Of course, the world of politics did its part too.
A highbrow/lowbrow turn of phrase in reference to Ivanka Trump by talk show host Samantha Bee vaulted the vocabulary word "feckless" into the top 10. That anonymous New York Times op-ed in September from a senior Trump administration official turned the word “lodestar” into a buzzword. At a rally in October, President Trump embraced the term "nationalist," which Sokolowski said immediately spiked and stayed high the rest of the year.
"You can contrast [nationalism] with patriotism," said Sokowski. "Patriotism is a kind of love of one's own country, and nationalism is when you sort of put your country ahead of others."

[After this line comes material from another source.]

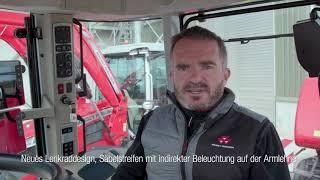 Massey Ferguson | MF 7S Rundgang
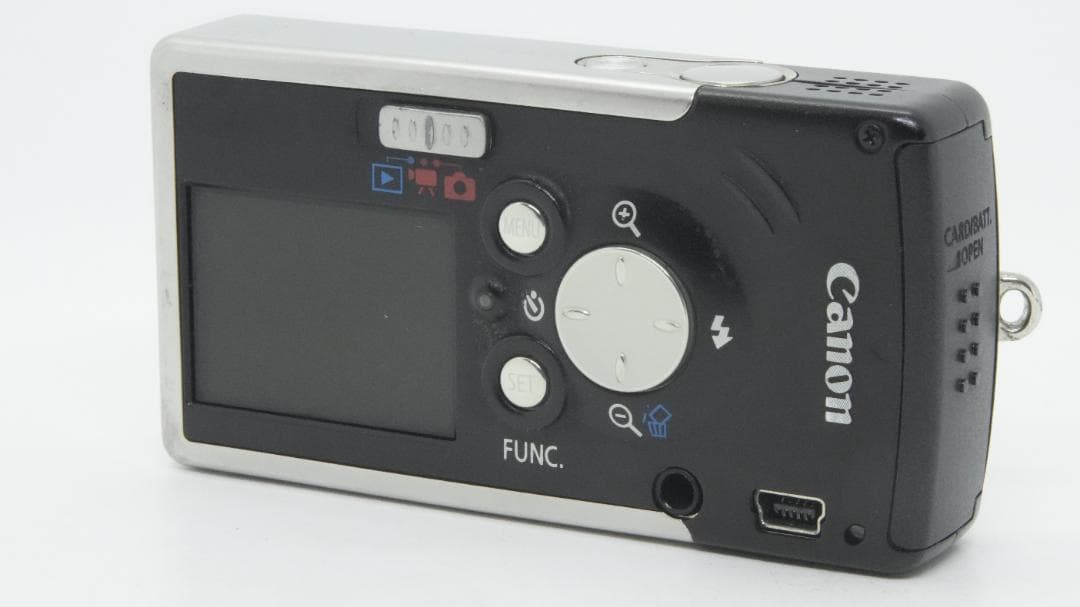 【A3230】 Canon IXY Digital L キャノン イクシ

But Merriam Webster's top word of the year was one as common as it is esoteric. A big idea in a small, two-syllable package: "justice."
"This kind of came as a surprise to me," said Sokolowski. "We look at the data on a kind of daily micro level. And it wasn’t until we stood back and saw the macro level of what the year revealed that we saw that this was really the word that stood out."
Sokolowski says there was no single event that drove lookups for the word justice, but rather a steady stream of stories that kept it hovering at higher than usual levels the whole year.
"Stories that were about racial justice and social justice, economic justice," he explained.
Then there was the U.S. Justice Department, which stayed front and center in the news throughout the year.
"There was one notable spike for 'obstruction of justice' in early August when President Trump tweeted that he wanted the attorney general to end the investigation led by Robert Muller," said Sokolowski.
And one of the biggest political dramas of the year centered around the word as well.
"The word 'justice' has several meanings. One of them is 'judge,'" said Sokolowski. "So those September hearings for the Supreme Court nomination of Brett Kavanaugh also contributed to this."
The word "justice" is of French origin, brought to England during the Norman conquest. All kinds of French words were adopted into the English language then, many of which already had English synonyms. It’s why we have autumn and fall; maternal and motherly; royal and kingly.
"But there was no word for justice," said Sokolowski. "We had the old English word law, and the old English word fair, and the old English word right. But we didn’t have a word for a system — a kind of bureaucracy — of fairness."
That French system of justice would help form the basis of English common law, which in turn provided the building blocks for the American experiment. The word "justice" appears multiple times in the Declaration of Independence. Our pledge of allegiance describes our republic as a nation where there is “justice for all.” And in 2018, it seems, the word "justice" continued to capture the imagination of the American citizenry.